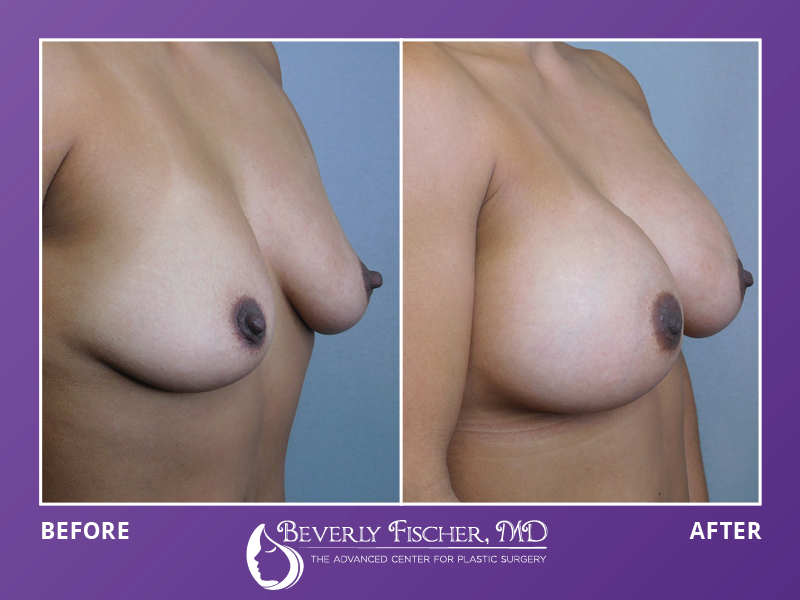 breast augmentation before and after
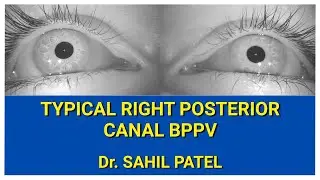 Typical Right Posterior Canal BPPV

----------

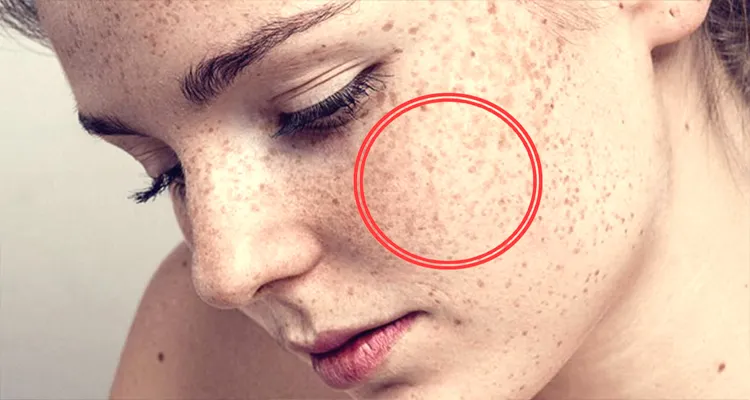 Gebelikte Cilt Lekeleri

----------

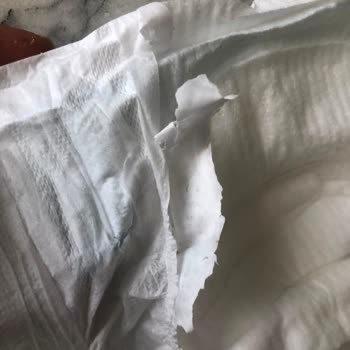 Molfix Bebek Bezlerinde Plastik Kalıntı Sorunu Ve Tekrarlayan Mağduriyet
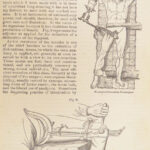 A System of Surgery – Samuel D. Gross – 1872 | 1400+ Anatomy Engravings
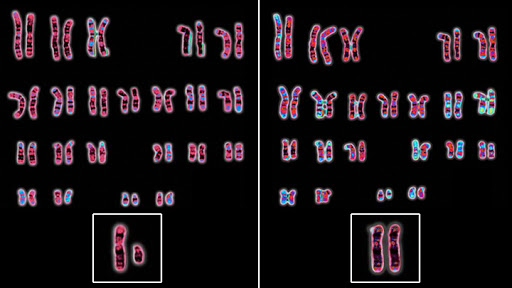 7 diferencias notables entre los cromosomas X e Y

----------

→ **TASK BRIEF**: Using the data above, output the line that has "Molfix Bebek Bezlerinde", the line that has "7 diferencias notables", and whatever lines fall between, each exactly as it stands and without pictures.

→ **EXERCISE SOLUTION**:
 Molfix Bebek Bezlerinde Plastik Kalıntı Sorunu Ve Tekrarlayan Mağduriyet
 A System of Surgery – Samuel D. Gross – 1872 | 1400+ Anatomy Engravings
 7 diferencias notables entre los cromosomas X e Y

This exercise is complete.